*** Material for this task Section Begins ***

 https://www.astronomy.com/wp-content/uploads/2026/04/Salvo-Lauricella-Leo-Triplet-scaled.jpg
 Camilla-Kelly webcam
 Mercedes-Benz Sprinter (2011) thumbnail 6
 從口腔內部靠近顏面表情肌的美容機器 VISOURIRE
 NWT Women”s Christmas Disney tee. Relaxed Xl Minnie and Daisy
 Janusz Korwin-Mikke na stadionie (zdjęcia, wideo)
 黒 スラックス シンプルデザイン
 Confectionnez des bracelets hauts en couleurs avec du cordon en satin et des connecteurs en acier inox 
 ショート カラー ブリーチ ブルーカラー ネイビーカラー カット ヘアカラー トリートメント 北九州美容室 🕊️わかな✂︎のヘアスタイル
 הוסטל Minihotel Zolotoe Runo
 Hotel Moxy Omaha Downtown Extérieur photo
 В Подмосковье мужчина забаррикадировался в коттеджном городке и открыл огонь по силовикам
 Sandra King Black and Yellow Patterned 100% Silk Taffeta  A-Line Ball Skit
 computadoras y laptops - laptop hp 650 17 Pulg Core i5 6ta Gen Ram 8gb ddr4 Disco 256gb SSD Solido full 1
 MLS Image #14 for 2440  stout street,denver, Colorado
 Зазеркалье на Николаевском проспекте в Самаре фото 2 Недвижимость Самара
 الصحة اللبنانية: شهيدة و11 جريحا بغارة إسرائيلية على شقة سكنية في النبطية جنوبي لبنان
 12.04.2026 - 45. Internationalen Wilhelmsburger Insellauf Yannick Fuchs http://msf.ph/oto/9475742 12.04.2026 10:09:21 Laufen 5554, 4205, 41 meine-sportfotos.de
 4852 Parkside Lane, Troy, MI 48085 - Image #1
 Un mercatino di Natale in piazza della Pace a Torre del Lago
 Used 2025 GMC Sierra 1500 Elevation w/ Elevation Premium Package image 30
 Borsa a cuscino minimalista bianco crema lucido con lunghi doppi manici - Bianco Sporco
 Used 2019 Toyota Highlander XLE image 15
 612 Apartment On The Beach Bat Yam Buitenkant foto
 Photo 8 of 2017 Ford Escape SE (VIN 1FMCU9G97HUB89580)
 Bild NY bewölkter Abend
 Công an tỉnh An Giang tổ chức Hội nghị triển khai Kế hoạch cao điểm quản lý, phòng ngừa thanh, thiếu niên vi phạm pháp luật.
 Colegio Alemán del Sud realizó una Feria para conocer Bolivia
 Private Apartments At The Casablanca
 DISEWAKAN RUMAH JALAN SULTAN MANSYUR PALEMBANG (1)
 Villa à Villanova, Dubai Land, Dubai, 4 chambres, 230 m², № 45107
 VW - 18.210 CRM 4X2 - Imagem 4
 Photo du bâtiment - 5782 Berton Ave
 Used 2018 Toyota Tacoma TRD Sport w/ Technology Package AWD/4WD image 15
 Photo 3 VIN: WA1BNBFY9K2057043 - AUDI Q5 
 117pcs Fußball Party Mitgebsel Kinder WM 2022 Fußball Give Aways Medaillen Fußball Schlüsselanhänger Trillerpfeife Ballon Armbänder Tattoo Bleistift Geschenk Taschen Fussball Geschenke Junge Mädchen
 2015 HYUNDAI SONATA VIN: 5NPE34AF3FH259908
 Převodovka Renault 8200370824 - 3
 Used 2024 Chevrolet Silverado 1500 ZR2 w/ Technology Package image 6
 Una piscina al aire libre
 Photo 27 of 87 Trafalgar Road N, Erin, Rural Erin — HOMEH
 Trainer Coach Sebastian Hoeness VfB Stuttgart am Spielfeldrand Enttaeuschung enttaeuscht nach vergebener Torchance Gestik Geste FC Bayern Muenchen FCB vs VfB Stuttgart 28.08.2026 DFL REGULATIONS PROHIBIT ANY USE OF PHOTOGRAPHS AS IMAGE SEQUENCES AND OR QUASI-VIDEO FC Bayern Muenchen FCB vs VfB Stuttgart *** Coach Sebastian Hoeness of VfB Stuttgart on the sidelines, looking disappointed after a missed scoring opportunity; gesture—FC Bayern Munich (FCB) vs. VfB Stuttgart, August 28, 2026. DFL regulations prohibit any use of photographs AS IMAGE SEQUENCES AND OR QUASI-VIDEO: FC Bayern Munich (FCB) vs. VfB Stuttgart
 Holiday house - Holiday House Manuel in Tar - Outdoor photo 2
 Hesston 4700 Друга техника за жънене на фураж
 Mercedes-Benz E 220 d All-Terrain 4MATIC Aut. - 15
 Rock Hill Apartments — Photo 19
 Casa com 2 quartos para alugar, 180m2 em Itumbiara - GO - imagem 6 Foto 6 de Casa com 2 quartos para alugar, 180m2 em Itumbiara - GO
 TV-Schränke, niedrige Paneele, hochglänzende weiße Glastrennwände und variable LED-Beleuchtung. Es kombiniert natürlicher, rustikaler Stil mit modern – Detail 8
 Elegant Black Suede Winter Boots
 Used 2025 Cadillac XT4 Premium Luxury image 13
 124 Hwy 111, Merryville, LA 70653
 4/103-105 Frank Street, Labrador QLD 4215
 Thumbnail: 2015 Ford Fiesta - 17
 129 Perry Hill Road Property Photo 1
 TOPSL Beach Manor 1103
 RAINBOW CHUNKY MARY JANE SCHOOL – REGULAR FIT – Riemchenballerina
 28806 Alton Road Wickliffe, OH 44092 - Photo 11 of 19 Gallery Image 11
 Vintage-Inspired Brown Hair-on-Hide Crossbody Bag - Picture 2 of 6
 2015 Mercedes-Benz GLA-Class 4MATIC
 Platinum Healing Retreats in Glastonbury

*** Material for this task Section Ends ***

Assignment: Copy every line of the records above, starting with the first, up to and including the line containing "Used 2025 GMC".

Exercise response:
 https://www.astronomy.com/wp-content/uploads/2026/04/Salvo-Lauricella-Leo-Triplet-scaled.jpg
 Camilla-Kelly webcam
 Mercedes-Benz Sprinter (2011) thumbnail 6
 從口腔內部靠近顏面表情肌的美容機器 VISOURIRE
 NWT Women”s Christmas Disney tee. Relaxed Xl Minnie and Daisy
 Janusz Korwin-Mikke na stadionie (zdjęcia, wideo)
 黒 スラックス シンプルデザイン
 Confectionnez des bracelets hauts en couleurs avec du cordon en satin et des connecteurs en acier inox 
 ショート カラー ブリーチ ブルーカラー ネイビーカラー カット ヘアカラー トリートメント 北九州美容室 🕊️わかな✂︎のヘアスタイル
 הוסטל Minihotel Zolotoe Runo
 Hotel Moxy Omaha Downtown Extérieur photo
 В Подмосковье мужчина забаррикадировался в коттеджном городке и открыл огонь по силовикам
 Sandra King Black and Yellow Patterned 100% Silk Taffeta  A-Line Ball Skit
 computadoras y laptops - laptop hp 650 17 Pulg Core i5 6ta Gen Ram 8gb ddr4 Disco 256gb SSD Solido full 1
 MLS Image #14 for 2440  stout street,denver, Colorado
 Зазеркалье на Николаевском проспекте в Самаре фото 2 Недвижимость Самара
 الصحة اللبنانية: شهيدة و11 جريحا بغارة إسرائيلية على شقة سكنية في النبطية جنوبي لبنان
 12.04.2026 - 45. Internationalen Wilhelmsburger Insellauf Yannick Fuchs http://msf.ph/oto/9475742 12.04.2026 10:09:21 Laufen 5554, 4205, 41 meine-sportfotos.de
 4852 Parkside Lane, Troy, MI 48085 - Image #1
 Un mercatino di Natale in piazza della Pace a Torre del Lago
 Used 2025 GMC Sierra 1500 Elevation w/ Elevation Premium Package image 30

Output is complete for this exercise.